§ Required work:
Please set down the data word for word; images do not go in the copy.

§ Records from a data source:
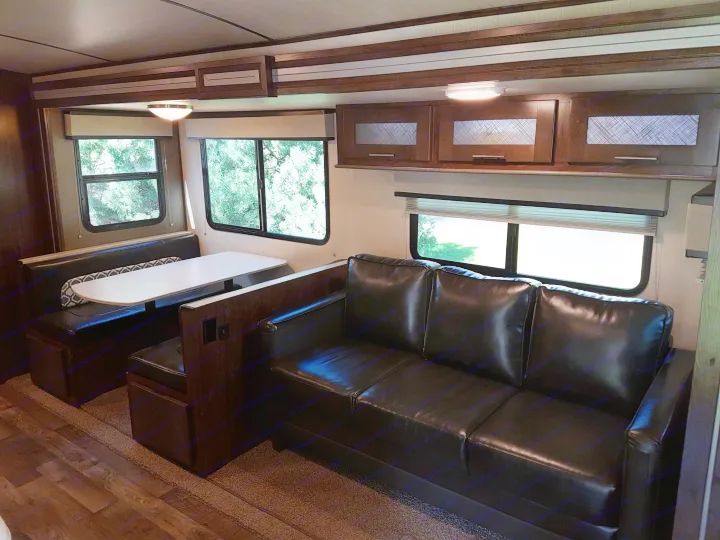 Spacious RV rental interior with comfy seating, modern wood cabinetry, and large windows showing lush greenery.. Cruiser Rv Corp Radiance 2019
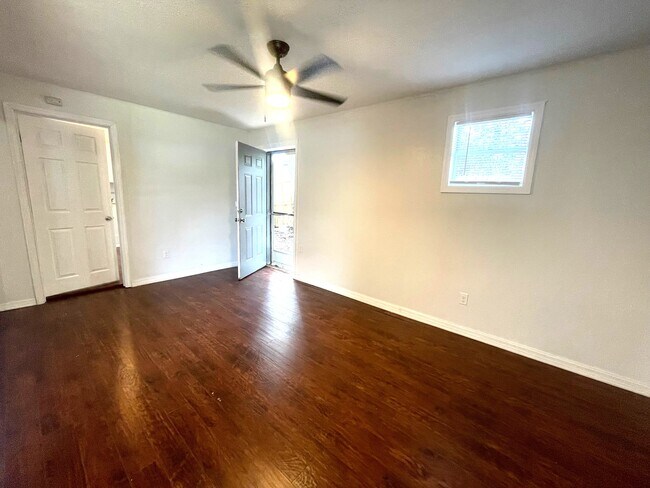 second living room and door to laundry room and exterior side door - 6604 S Mascotte St
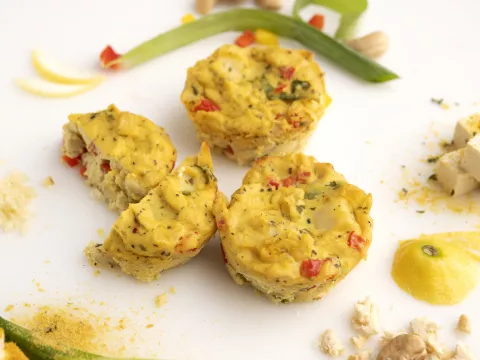 Three eggless frittatas on white surface with green onion garnish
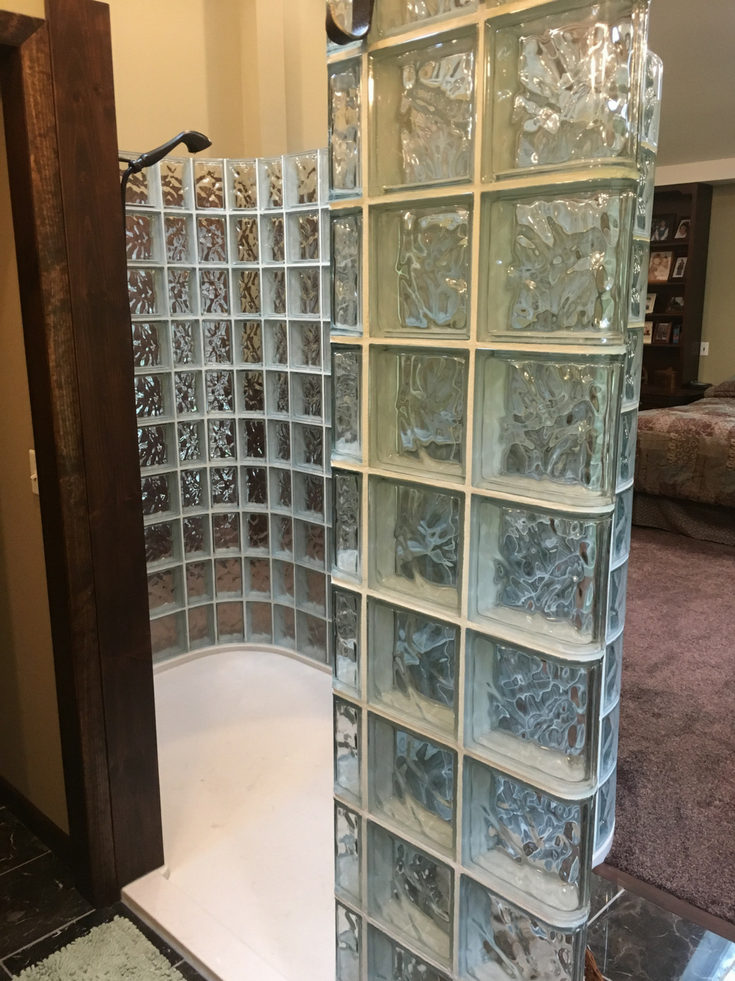 Glass Block Wall on Onyx base after installation | Innovate Building Solutions | #GlassBlockWall #GlassBlockShower #ShowerWall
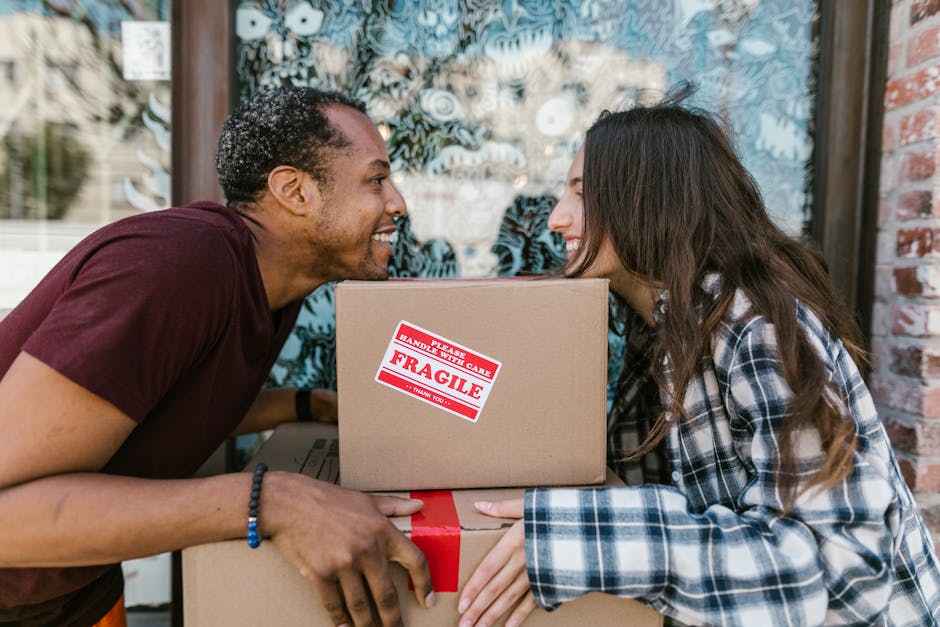 Two removal men are engaged in a furniture loading process at the rear of a white van on a paved street, with open rear doors revealing a large, green protective blanket covering a bulky item. One wor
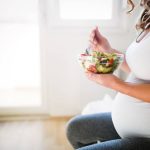 A pregnant woman in a white tank top sitting down as she eats a colorful salad full of nutrients.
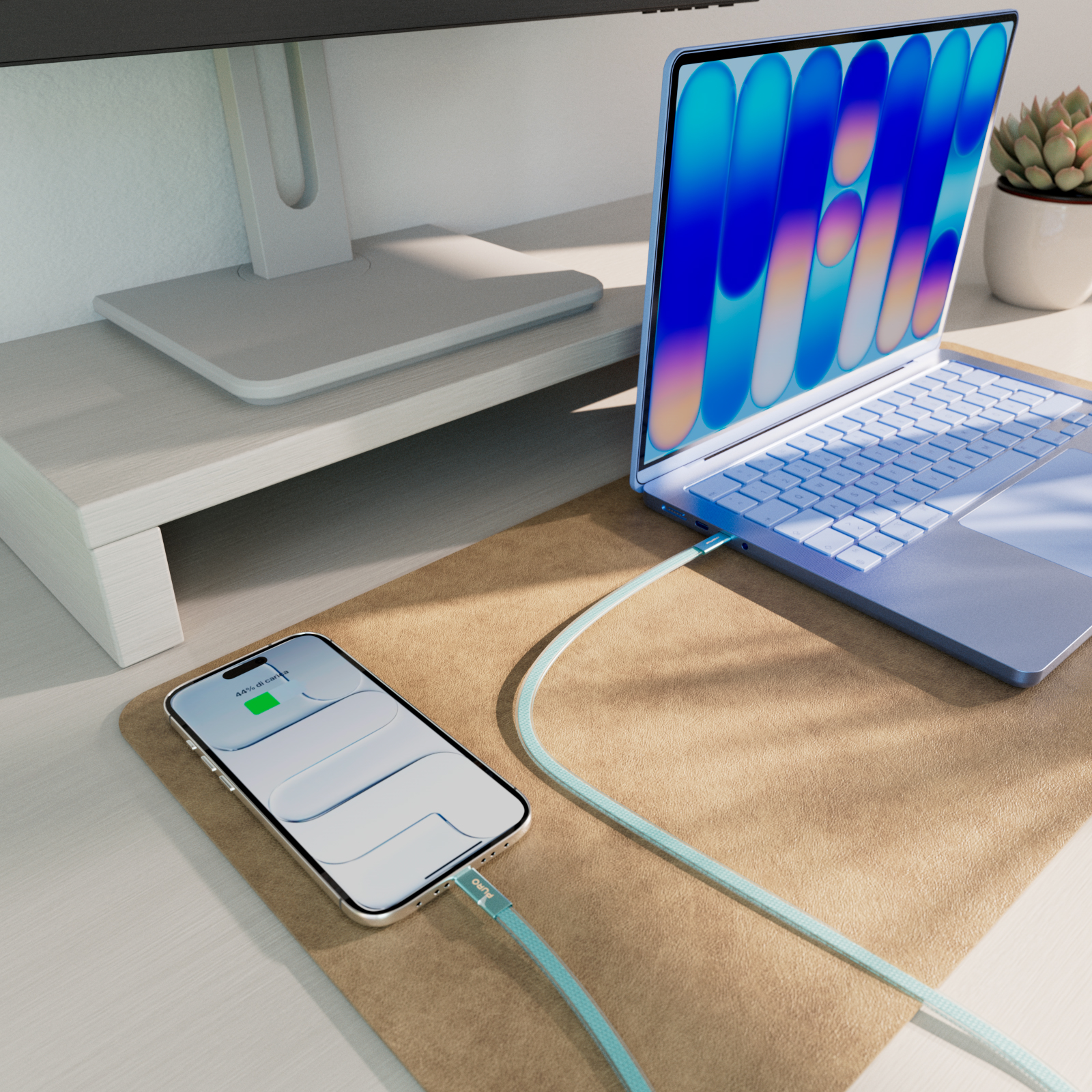 Ein Smartphone und ein Laptop auf einer Schreibtischunterlage, verbunden mit einem mintgrünen Kabel.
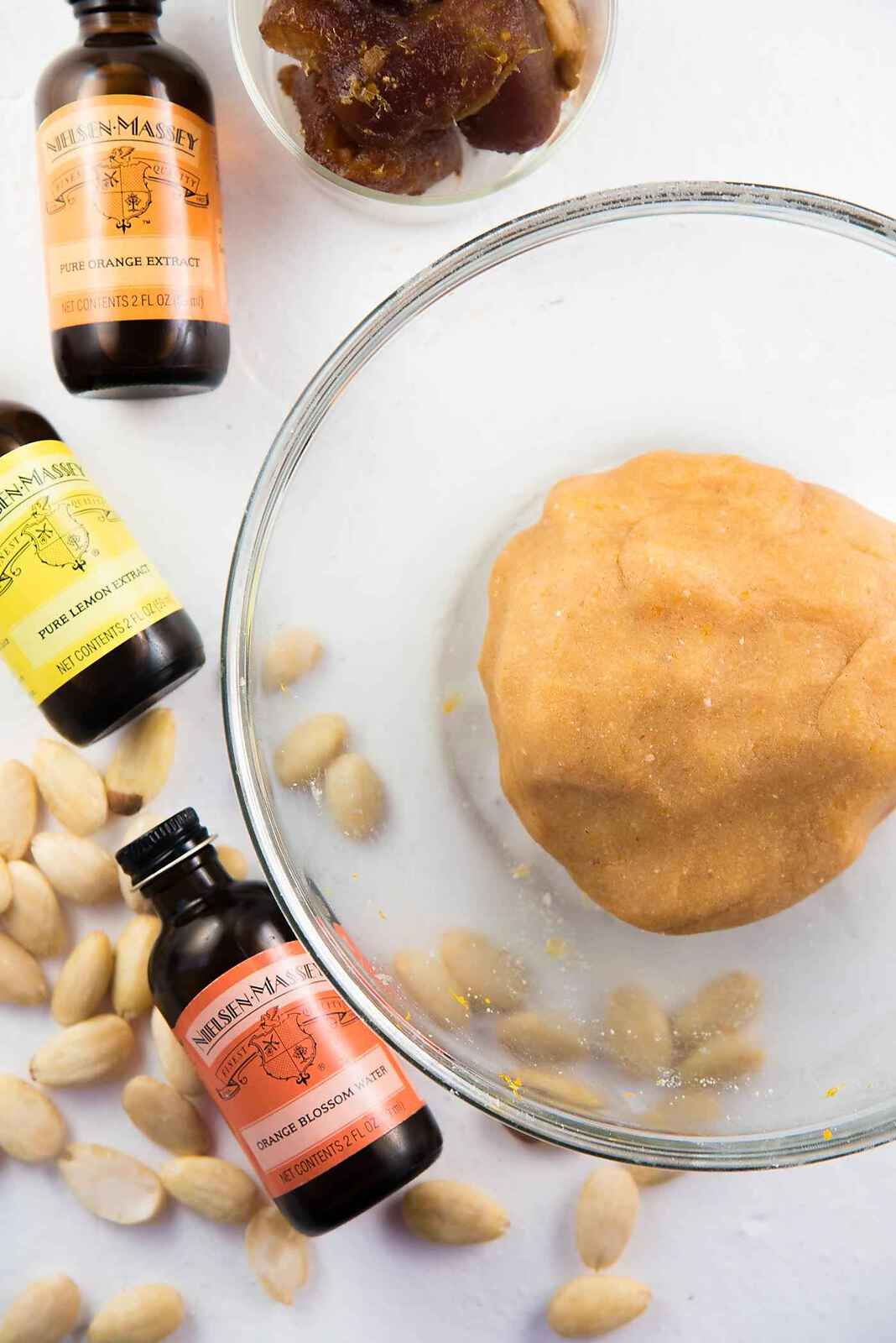 Almond paste in a big glass bowl with small bottles of flavoring next to it.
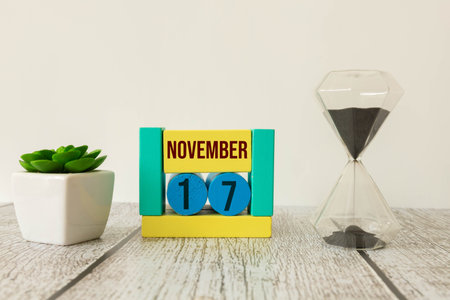 Wood blocks in box with date, day and month 17 November. Wooden blocks calendar.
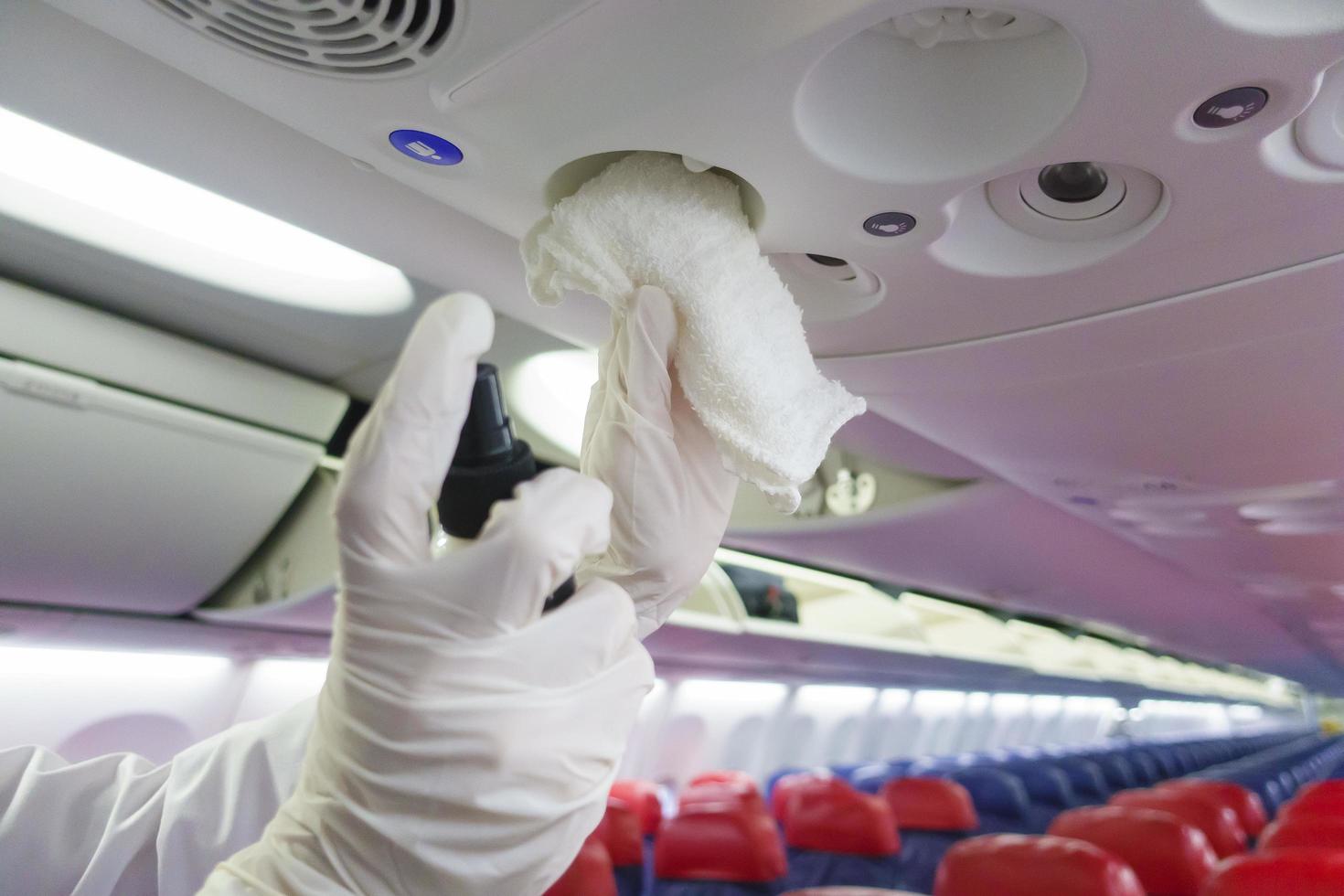 Close up hand is wearing gloves cleaning aircraft for covid-19 prevention pandemic photo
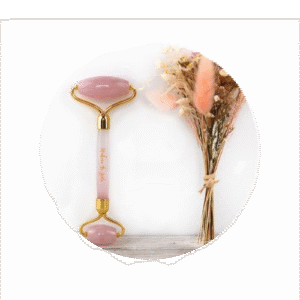 rouleau en jade pour visage de couleur rose avec un bouquet de fleur de couleur rose aussi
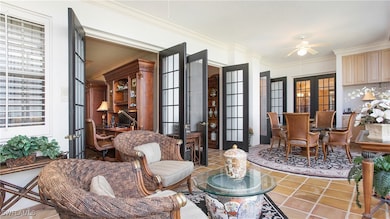 Living area featuring french doors, tile patterned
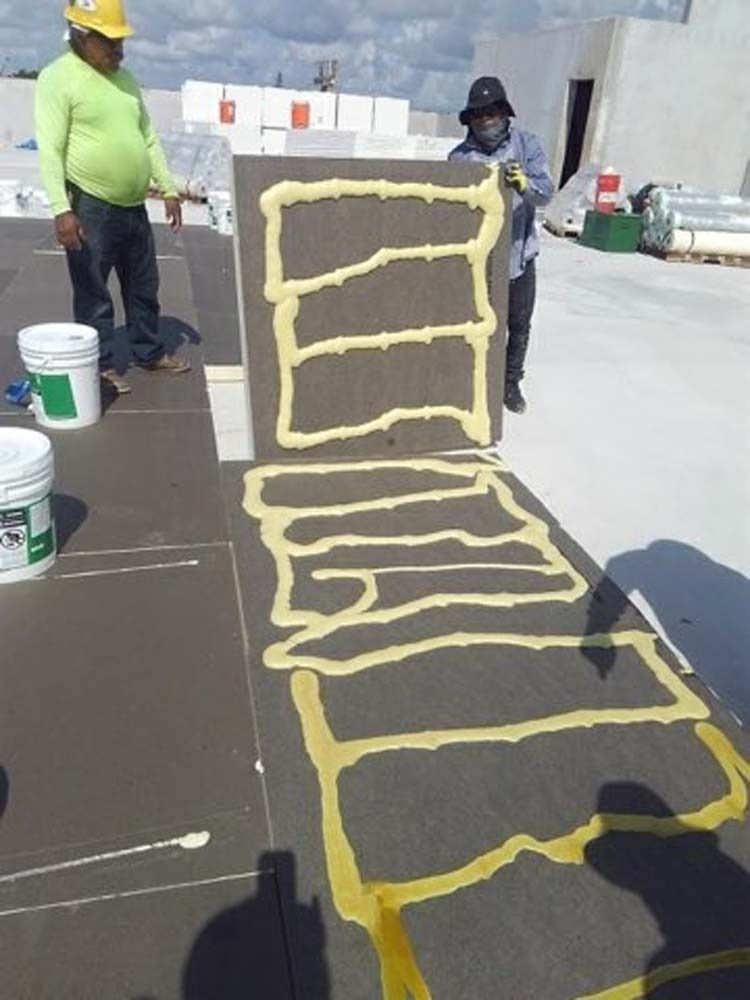 Two workers on a flat roof applying adhesive foam to a board for insulation installation.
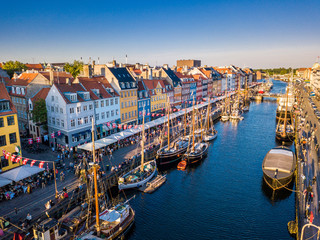 Amazing historical city center. Nyhavn New Harbour canal and entertainment district in Copenhagen, Denmark. The canal harbours many historical wooden ships. Aerial view from the top. - obrazy, fototapety, plakaty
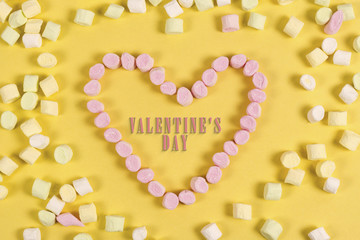 Text valentine's day in the Heart shape from sweets. love concept on yellow background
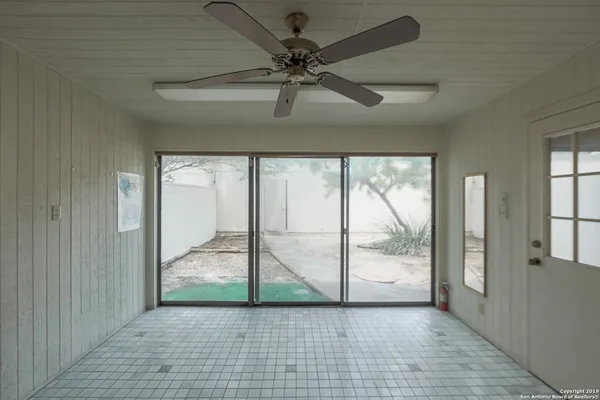 a house with a tree in front of it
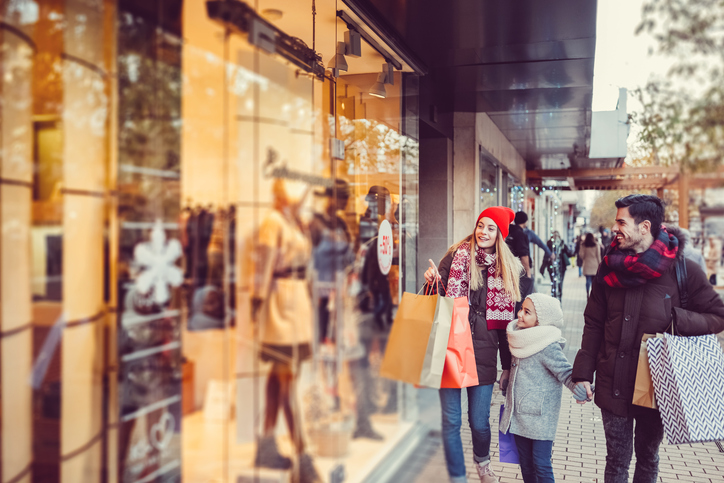 Do lado direito da imagem tem um homem, uma mulher e uma criança segurando algumas sacolas de compras e olhando para uma vitrine de roupas que está localizada do lado esquerdo da imagem.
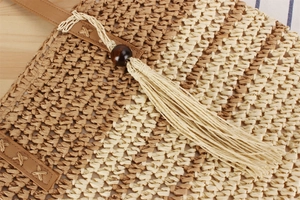 Détail d'un sac en corde de papier tissé avec gland, perle en bois et couture en cuir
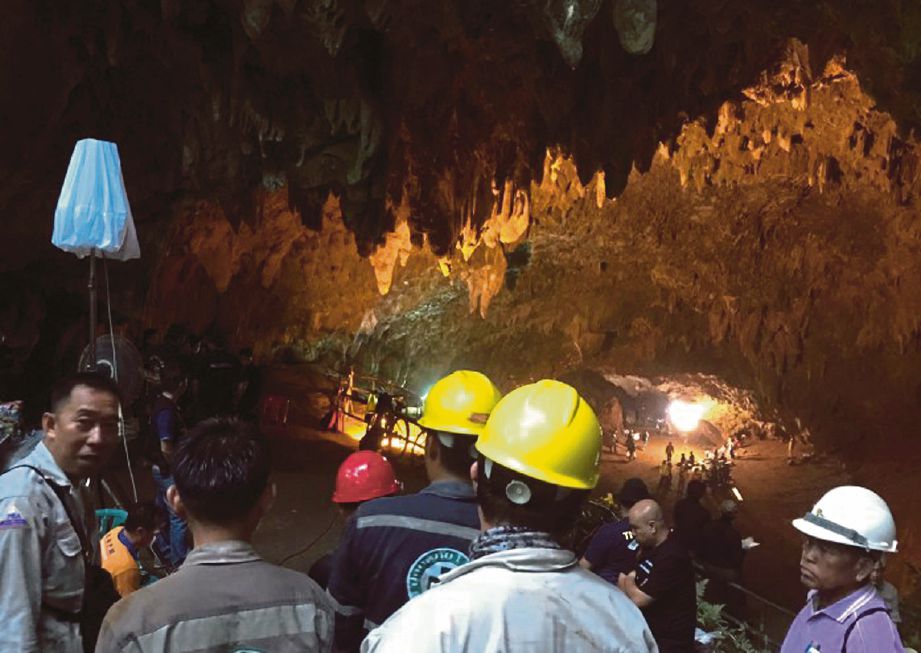 Anggota pasukan penyelamat berkumpul di depan gua. - Reuters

§ Result:
 Spacious RV rental interior with comfy seating, modern wood cabinetry, and large windows showing lush greenery.. Cruiser Rv Corp Radiance 2019
 second living room and door to laundry room and exterior side door - 6604 S Mascotte St
 Three eggless frittatas on white surface with green onion garnish
 Glass Block Wall on Onyx base after installation | Innovate Building Solutions | #GlassBlockWall #GlassBlockShower #ShowerWall
 Two removal men are engaged in a furniture loading process at the rear of a white van on a paved street, with open rear doors revealing a large, green protective blanket covering a bulky item. One wor
 A pregnant woman in a white tank top sitting down as she eats a colorful salad full of nutrients.
 Ein Smartphone und ein Laptop auf einer Schreibtischunterlage, verbunden mit einem mintgrünen Kabel.
 Almond paste in a big glass bowl with small bottles of flavoring next to it.
 Wood blocks in box with date, day and month 17 November. Wooden blocks calendar.
 Close up hand is wearing gloves cleaning aircraft for covid-19 prevention pandemic photo
 rouleau en jade pour visage de couleur rose avec un bouquet de fleur de couleur rose aussi
 Living area featuring french doors, tile patterned
 Two workers on a flat roof applying adhesive foam to a board for insulation installation.
 Amazing historical city center. Nyhavn New Harbour canal and entertainment district in Copenhagen, Denmark. The canal harbours many historical wooden ships. Aerial view from the top. - obrazy, fototapety, plakaty
 Text valentine's day in the Heart shape from sweets. love concept on yellow background
 a house with a tree in front of it
 Do lado direito da imagem tem um homem, uma mulher e uma criança segurando algumas sacolas de compras e olhando para uma vitrine de roupas que está localizada do lado esquerdo da imagem.
 Détail d'un sac en corde de papier tissé avec gland, perle en bois et couture en cuir
 Anggota pasukan penyelamat berkumpul di depan gua. - Reuters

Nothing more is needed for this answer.